[Short descriptive text snippets]
• • •

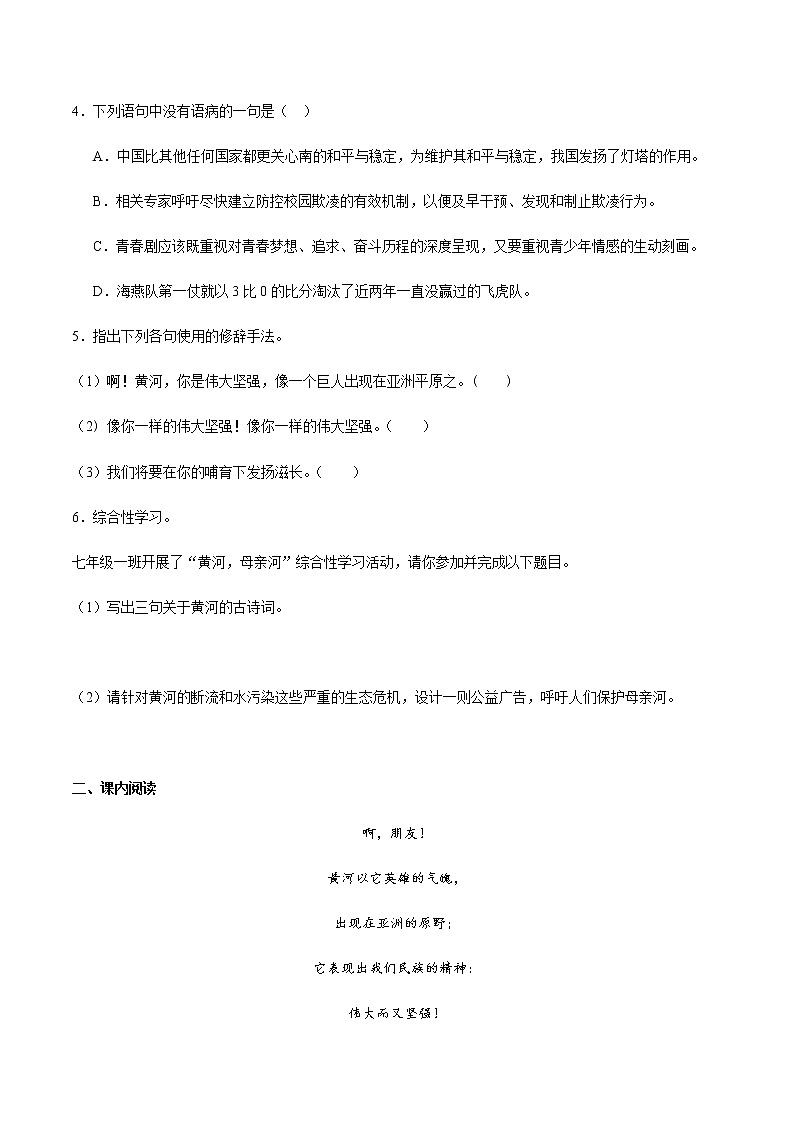 第5课 黄河颂-2019-2020学年部编版语文七年级下册同步课时卷02
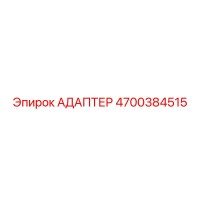 4700384515 АДАПТЕР Epiroc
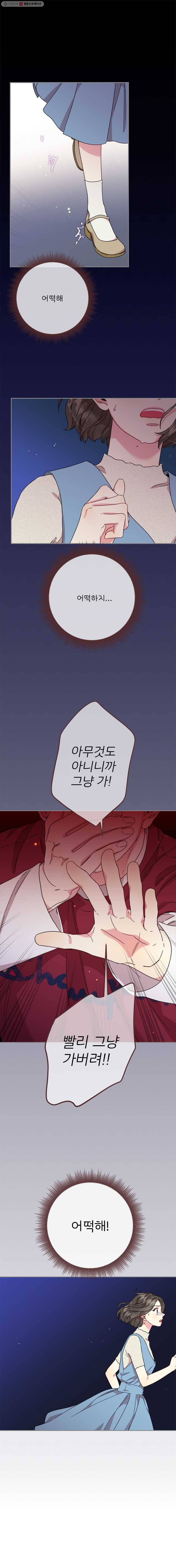 바니와 오빠들 63화 예쁘다. (BGM) 1
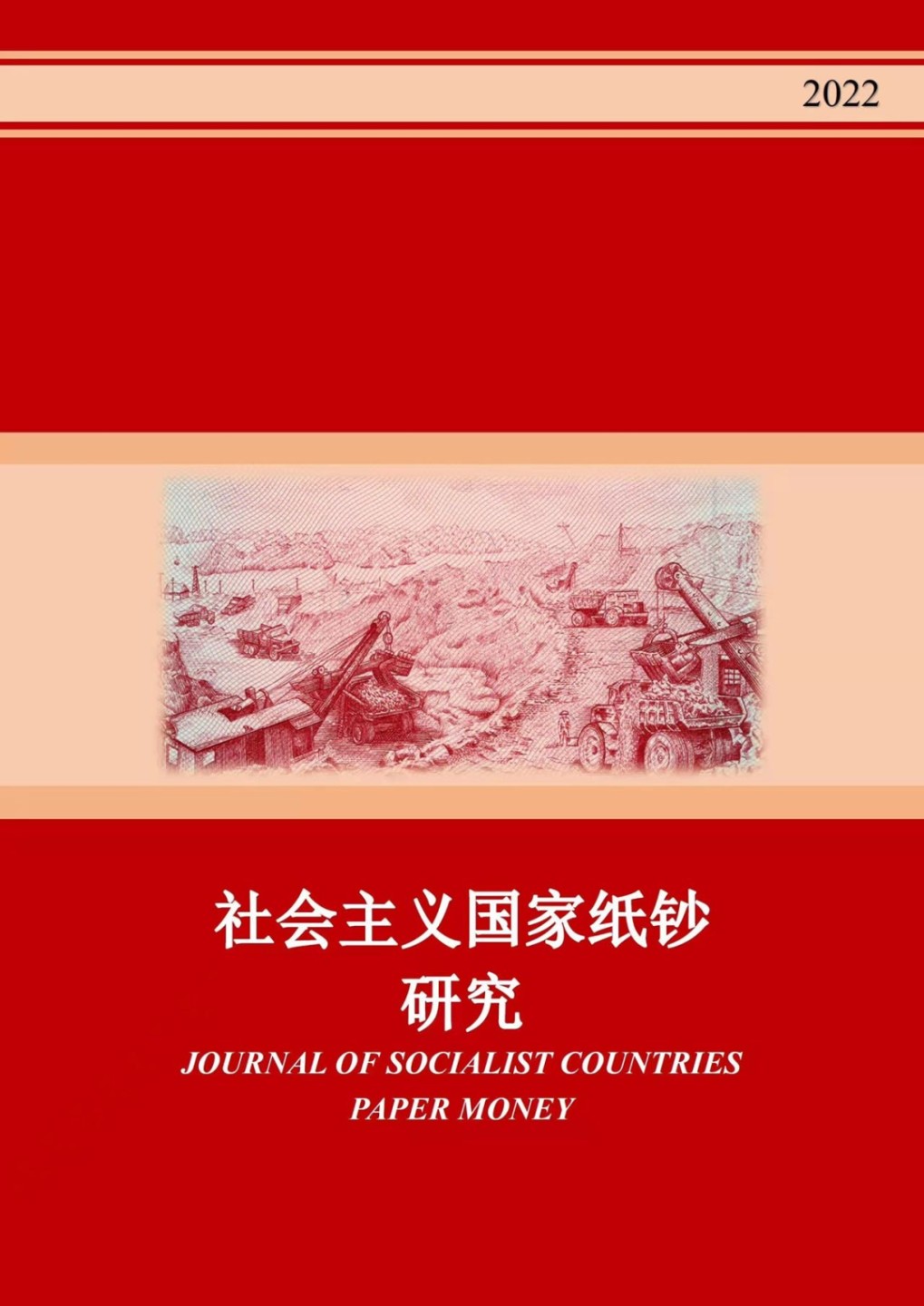 外币交流群推荐连载-7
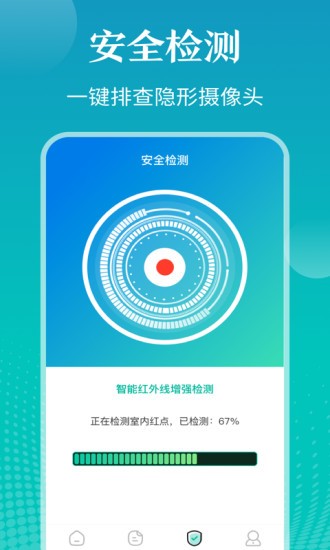 私密照片管家  v5.1.0003图3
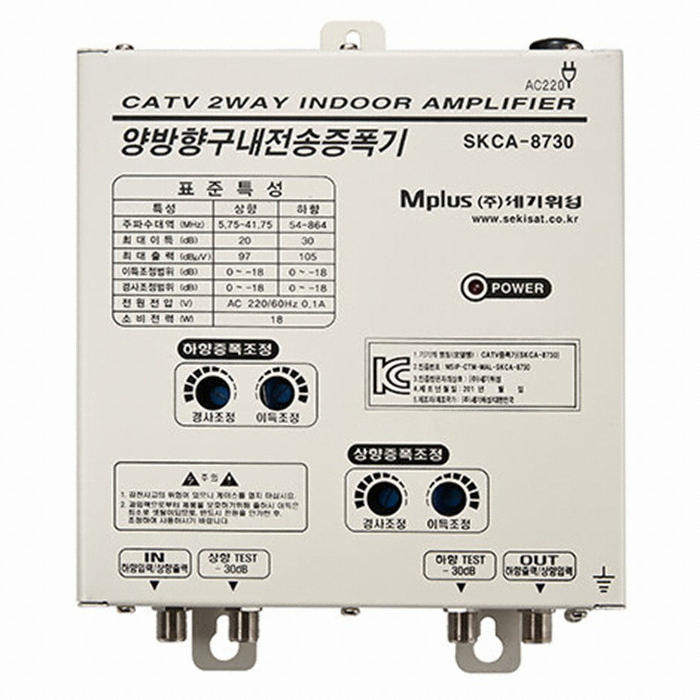 세기위성  CATV 양방향증폭기 SKCA-8730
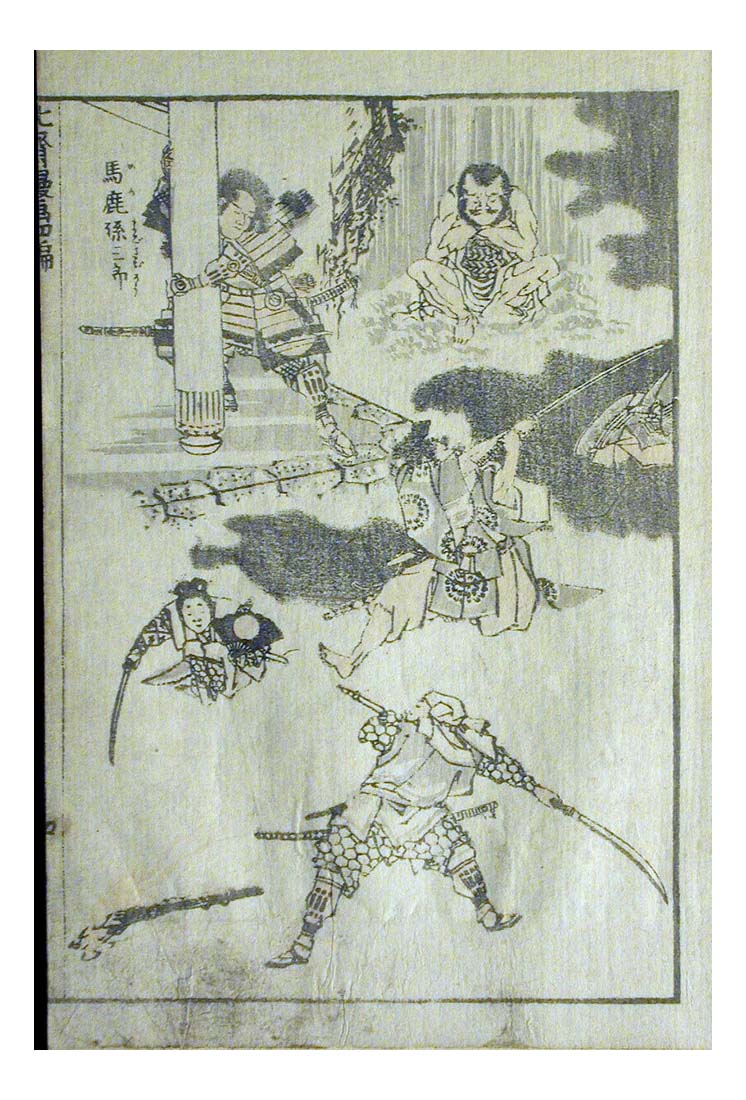 000785, historic, vintage ukiyo-e Japan artwork,12x8"(A4) Poster Print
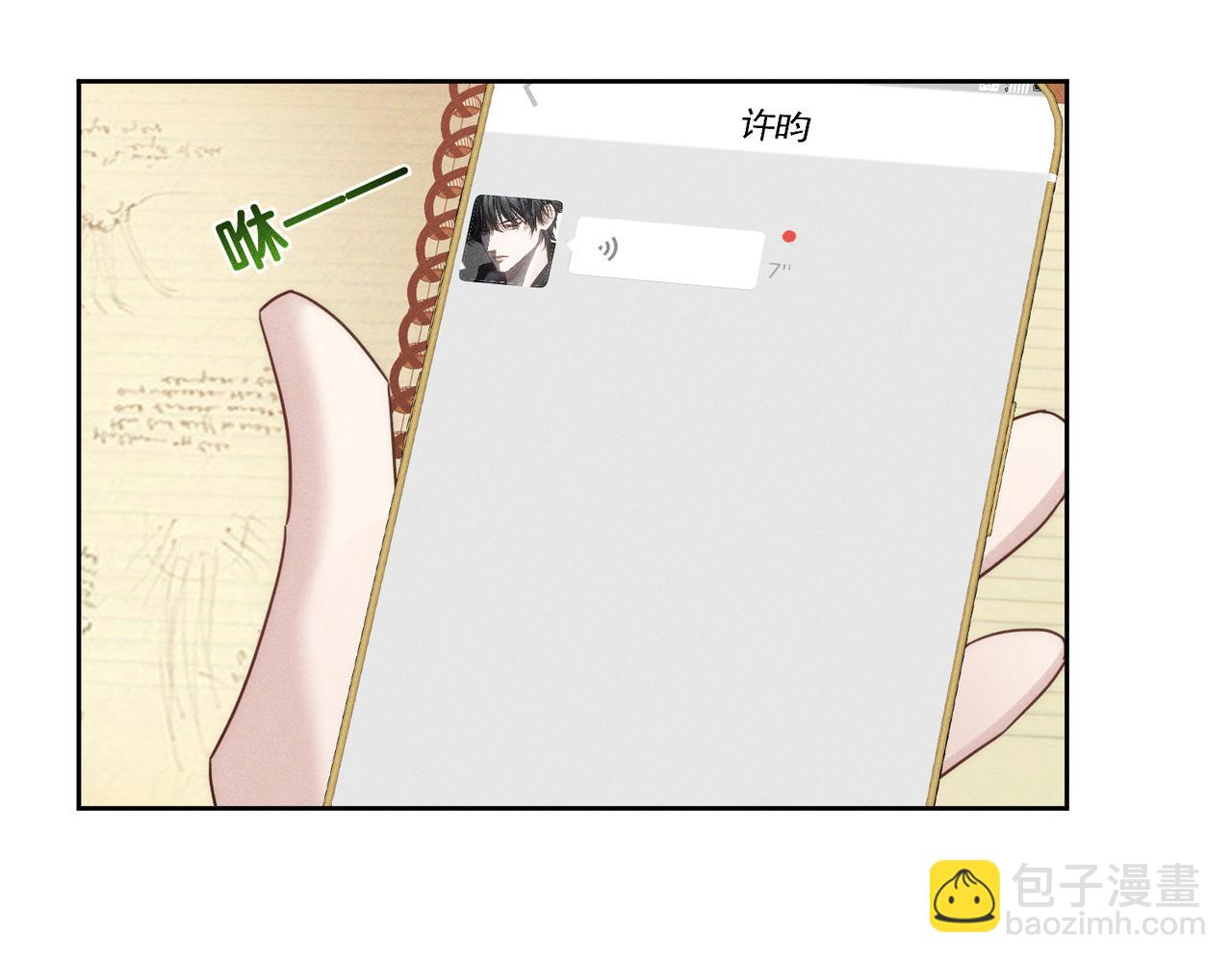 第187话：弹吉他21
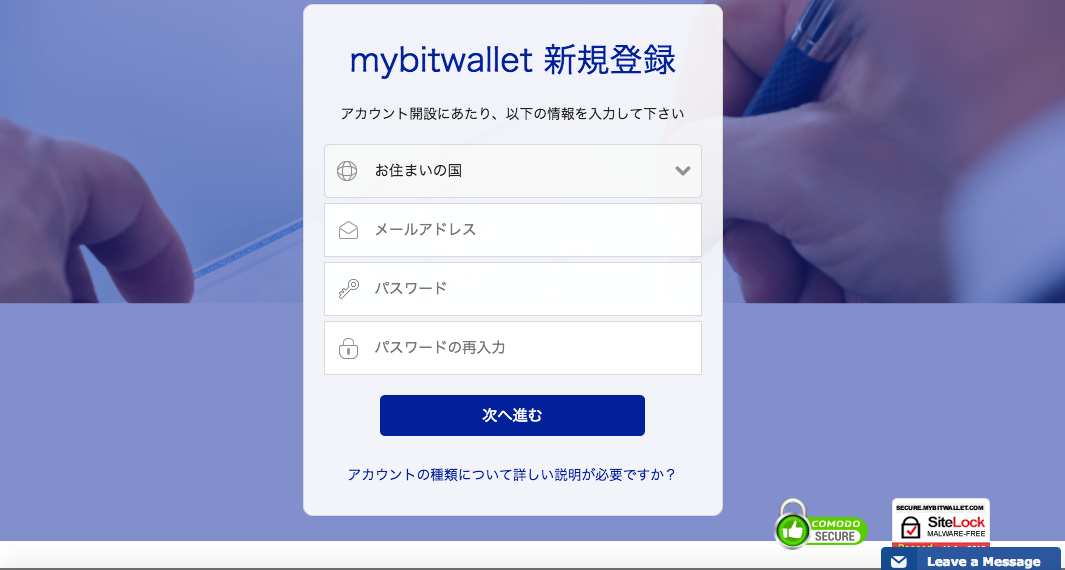mybitwallet登録解説「メールアドレスとパスワード入力」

• • •

TASK PROMPT: For this exercise, the lines from the one containing "000785, historic, vintage" through the last line of the entries above are to be output exactly, both included, and pictures are skipped.

RESPONSE FOR THIS EXERCISE:
 000785, historic, vintage ukiyo-e Japan artwork,12x8"(A4) Poster Print
 第187话：弹吉他21
mybitwallet登録解説「メールアドレスとパスワード入力」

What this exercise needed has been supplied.